With the images left out, print all of the records below exactly.

§ RECORD EXTRACTS
○ ○ ○ ○ ○ ○ ○
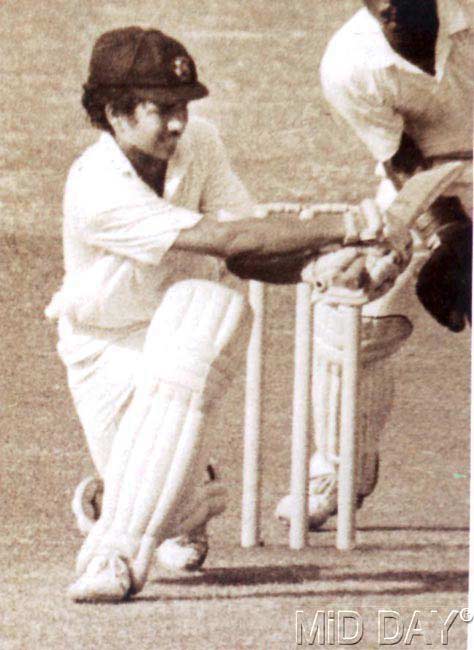 During the Bombay Ranji team tours, Sachin Tendulkar carried along his textbooks in order not to neglect his studies.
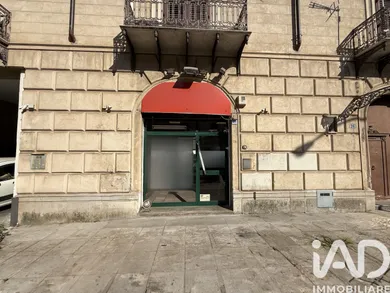 Negozio / locale commerciale in Palermo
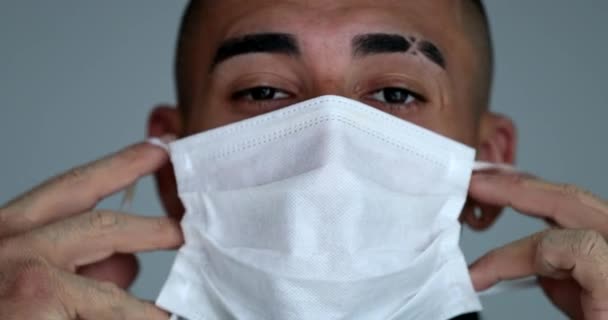 Hispanic Man Putting Face Mask Prevention Pandemic — Vídeo de Stock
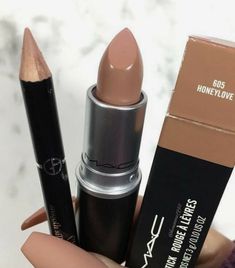 Maquillage Kylie Jenner, Smink Inspiration, Instagram Beauty, Beauty Makeup Tips, Summer Fashion Trends, Lipstick Shades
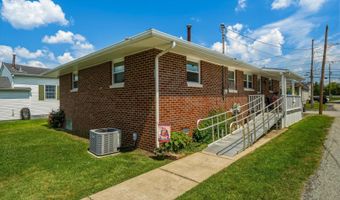 743 Lee St, Barboursville, WV 25504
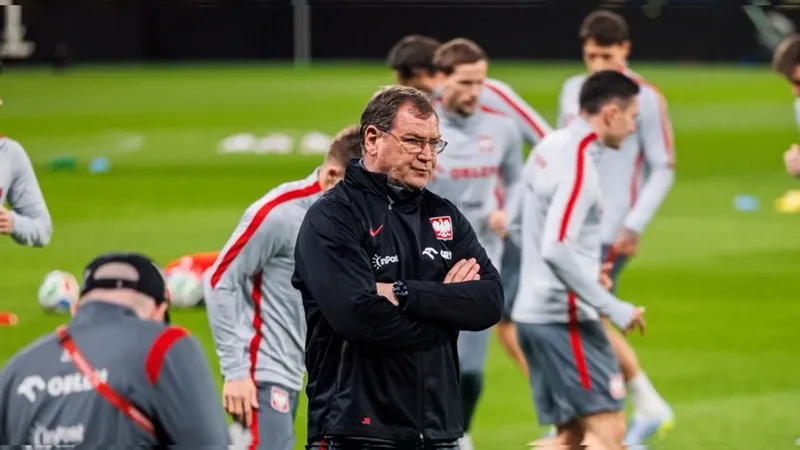 HLV Jan Urban đang chuẩn bị cho Ba Lan đương đầu với thách thức lớn tại Thụy Điển.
○ ○ ○ ○ ○ ○ ○
§ OUTPUT FOR THIS TASK
 During the Bombay Ranji team tours, Sachin Tendulkar carried along his textbooks in order not to neglect his studies.
 Negozio / locale commerciale in Palermo
 Hispanic Man Putting Face Mask Prevention Pandemic — Vídeo de Stock
 Maquillage Kylie Jenner, Smink Inspiration, Instagram Beauty, Beauty Makeup Tips, Summer Fashion Trends, Lipstick Shades
 743 Lee St, Barboursville, WV 25504
 HLV Jan Urban đang chuẩn bị cho Ba Lan đương đầu với thách thức lớn tại Thụy Điển.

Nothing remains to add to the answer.